Lloyds Bank is trying to attract customers to the DIY investment space with the launch of its Quicklist ETF.
The bank has partnered with BlackRock to put together a list of 16 iShares ETFs for investors.
It follows Monzo’s launch of its DIY service, Monzo Investments, also in partnership with BlackRock, in a sign that banks are looking to build businesses in this area.
Lloyds Bank has launched a limited list of ETFs to make it easier for investors to choose from the thousands on offer.
Lloyds launched a turnkey investment service in July. Its new quick list of ETFs is billed as a “simple, cost-effective way to invest.”
There is a semi-annual administration fee of £20 and, if you don’t have a regular investment plan, a trading fee of £11.
As a result, it is only profitable if you have a larger pot to invest or if you trade larger amounts.

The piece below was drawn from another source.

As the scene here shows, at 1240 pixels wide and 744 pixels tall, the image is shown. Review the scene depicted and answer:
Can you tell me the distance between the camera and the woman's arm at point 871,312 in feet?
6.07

Lloyds’ ready-to-use portfolios through its investment service have a monthly account fee of £3 with annual fund charges of 0.21 per cent to 0.23 per cent, depending on which of the three portfolios is held : Cautious Managed Growth Fund 2, Balanced Managed Growth Fund. 4 or Progressive Managed Growth Fund 6.
With ETF Quicklist, clients can choose whichever ones they want through a share trading account or Isa, accessible from their banking app or online.

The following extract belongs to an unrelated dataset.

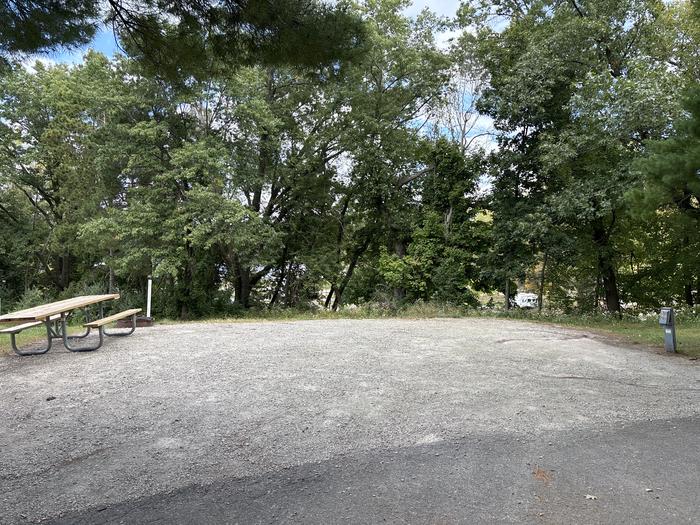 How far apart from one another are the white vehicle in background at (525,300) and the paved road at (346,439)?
10.1 meters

The list of ETFs is divided into four categories: Themes, Worldwide, Fixed Income and Current Trends, which includes ETFs ranging from UK property to healthcare.
Manuel Pardavila-González, CEO of Lloyds Bank Investments, said: “Investing should be simple, affordable and accessible to all clients, and our new Quicklist ETF will provide an easy way to start your investing journey.”
‘ETFs are a great option for people who want to create and manage their own portfolio. They are easy to understand and offer investors a low-cost, diversified set of holdings.’
Banks have been trying to steer investors away from DIY investment platforms, but this is not a new phenomenon.
Henry Tapper, chief executive of pension comparison service AgeWage, says: “Lloyds Bank is perhaps the first and largest bank to get involved in this, with its purchase of Embark Group in 2022, while Monzo is a high-profile example of digital bank looking to diversify into the retail investor space.
‘Part of the reason for these measures is because banks understand that the income they receive from traditional banking activities is limited and dependent on external factors, for example interest rates.
“So this move makes business sense.”
Justin Modray, head of Candid Financial Advice, agrees that banks are launching these services to boost revenue if loyal customers invest their excess savings, especially if it’s as simple as a few clicks.
But they also look toward the next generation of investors. In the case of challenger banks, they have a group of customers who have a natural affinity for digital services that they can take advantage of.
Initial demand for Monzo Investments was so strong that the waiting list for the service grew to 200,000 in two days.

Lloyds Bank’s ETF list is divided into four categories: Themes, Around the World, Fixed Income and Current Trends.
Mike Barrett, commercial director at financial services consultancy Lang Cat, says: ‘Services like these target a different customer to existing investment platforms, and these are clearly first-time investors.
‘If you are an experienced investor or are already investing elsewhere, I suspect you may find them too limited. Notably, Monzo only has three Blackrock funds to choose from.
“But for those starting out, for whom choosing funds from a list of thousands on one platform is too much, they are a great option.”
Of course, there are many retail platforms where you can buy BlackRock funds, and Modray warns: ‘Banks have traditionally been a poor option for buying investment funds, with often limited options and high costs.
It says: The Lloyds account’s £3 monthly fee is equivalent to 0.36 per cent on £10,000, so could be extremely expensive in smaller investment funds, but progressively become good value in larger funds.’
‘Comparative investment platforms are less expensive. For example, Vanguard, which offers a wide range of low-cost index-tracking findings, has a much lower annual account fee of 0.15 percent.
AJ Bell has a trading fee of £9.95 for ETFs and an annual account fee of 0.25.
BlackRock says it will review the ETF quick list at least every calendar quarter.